В Москве Врубелю стало еще хуже. Его великое произведение не сотрясло мир и не распахнуло перед картиной двери императорских музеев. «Демона» за три тысячи рублей, надолго обеспечив семью художника, купил Владимир фон Мекк. На устроенное фон Мекком чествование автора холста собрался цвет московских живописцев. Быстро разнеслась весть, что Врубель вел себя безумно и безобразно. Молодому художнику Сергею Судейкину рассказывали, что Врубель неистово восхвалял свой шедевр, свою гениальность, затем принялся дерзко критиковать всех по очереди; «не совсем еще погибшему» Серову рекомендовал подучиться, копируя «Демона», а Нестерова так бранил, что тот расплакался. По другим рассказам, со словами «он прав, я полная бездарность» плакал в передней Серов. Кого именно Врубель довел до слез (и были ли вообще на том торжестве слезы), это уже не имело особого значения для набиравшей обороты легенды о безумном гении.

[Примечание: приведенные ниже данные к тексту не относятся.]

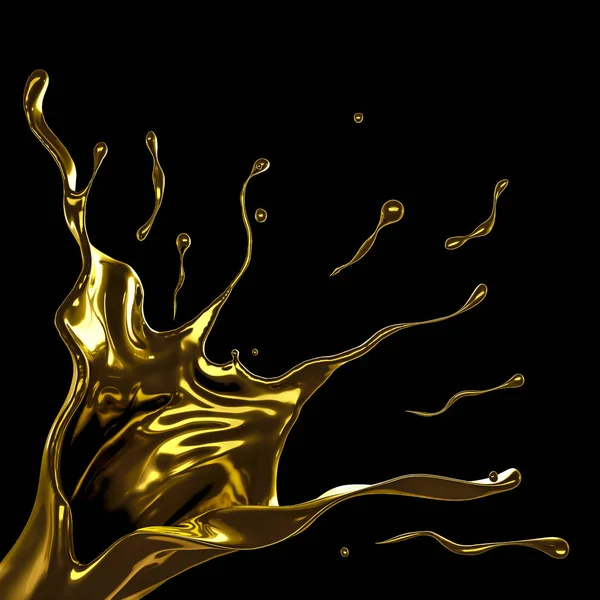 Ein Spritzer dicker, goldener Flüssigkeit. 3D Illustration, 3D Rendering. — Stockfoto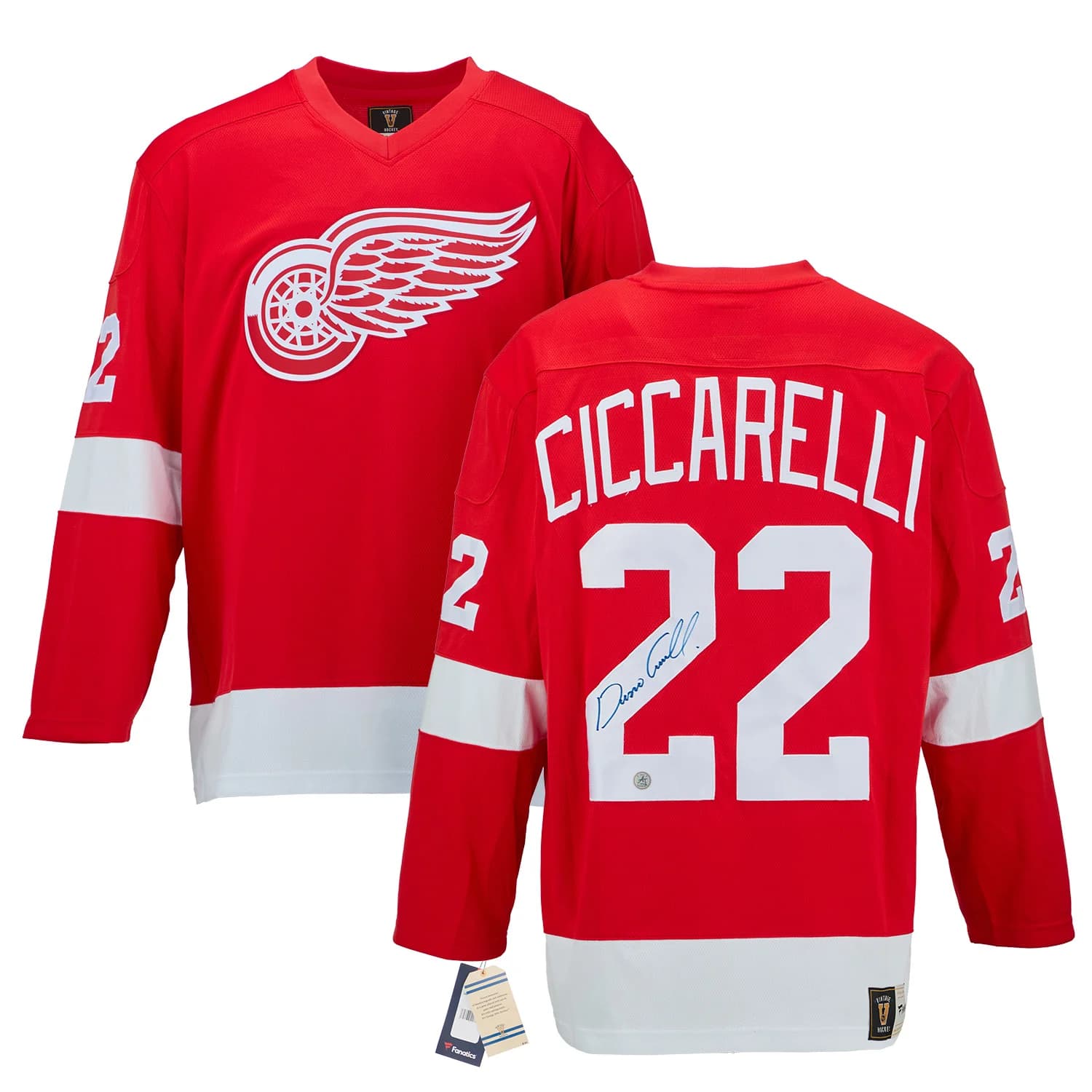 Dino Ciccarelli Signed Detroit Red Wings Throwback Breakaway Jersey Dino Ciccarelli Jersey throwback-breakaway, Detroit Red Wings, view 3, supplier stock photo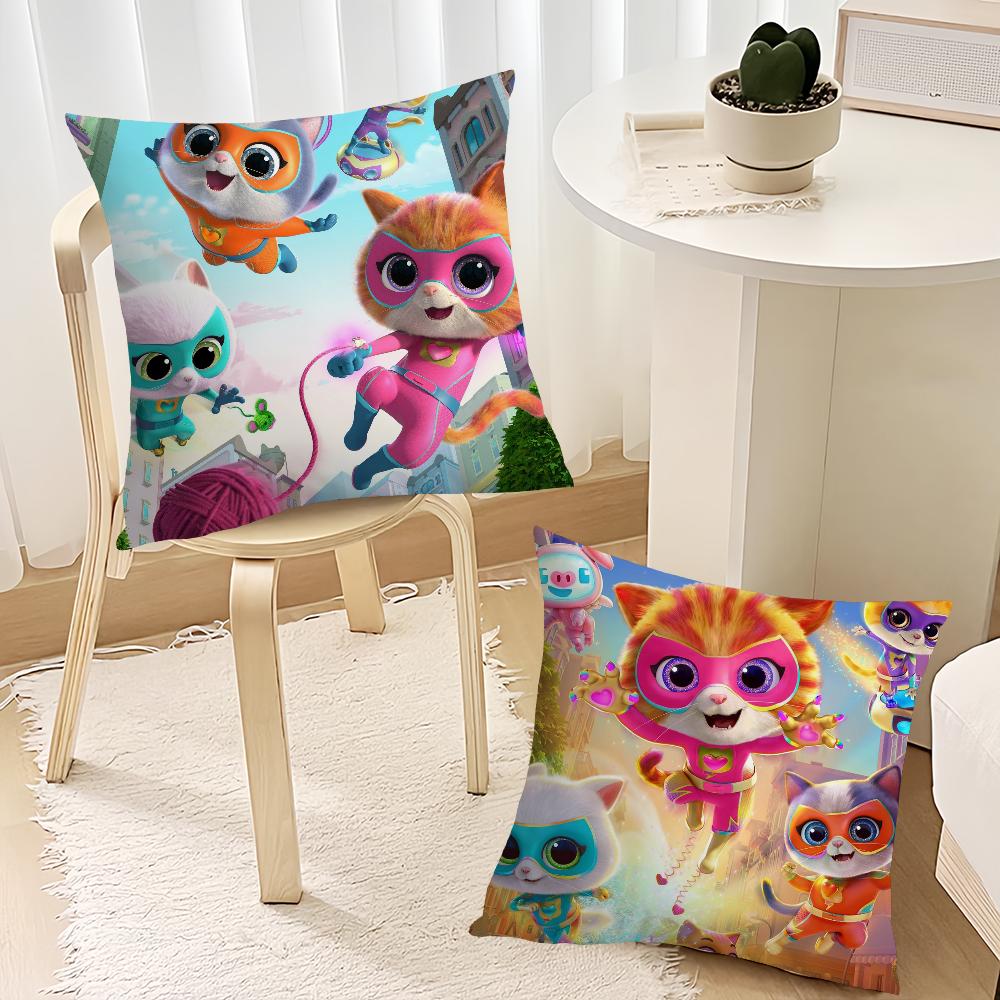 MINISO Cute Cartoon S-SuperKitties Cushion Cover Living Room Headboard Bedroom Office Cushion Cushion Sofa Nap Time Pillow Case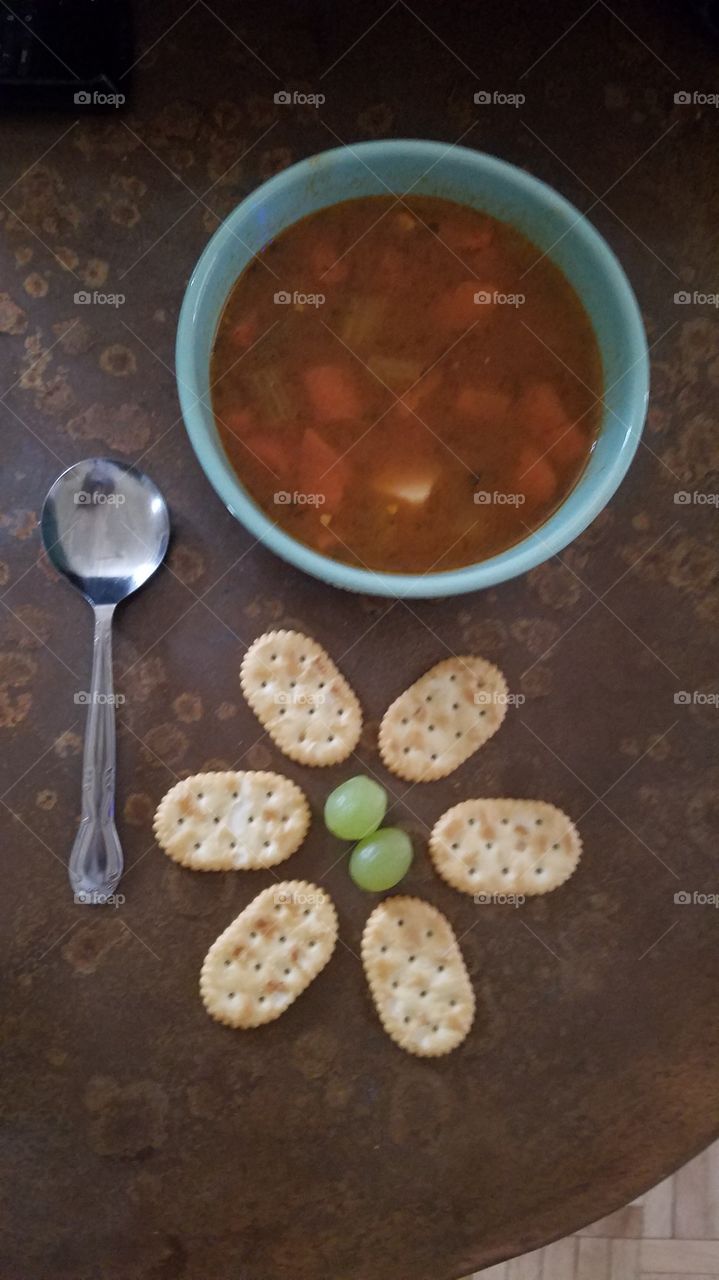 Soup and crackers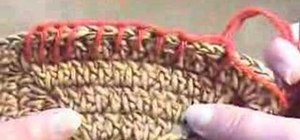 Embroider the blanket stitch on crocheted projects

Кто наверняка плакал горько и ежедневно, так это несчастная жена художника. Муж не разлюбил ее и маленького сына, вроде бы по-прежнему обожал их обоих, но сам он на глазах превратился в чудовище. Чуть что устраивал скандалы, убегал из дома, пропадал невесть где, транжирил деньги, дико пьянствовал. «В древности, вероятно, его бы называли испорченным, и он именно испортился — все его недостатки удесятерились… — писала Забела Римскому-Корсакову. — Прежде многое ему охотно прощалось благодаря его мягкости, доброте, деликатности, теперь он… Вообще это что-то неимоверно странное, ужасное, в нем как будто парализована какая-то сторона его душевной жизни».
Видимо, с Врубелем и впрямь происходило нечто подобное. Душа после расставания с «Поверженным» опустела. Исповедь в трех частях, трех «Демонах» была написана, всё было сказано, всё выплеснуто. Оставалось страдать и философским разумом залечивать растерзанные чувства, да беда в том, что чувства выли звериным воем, а разум отказал.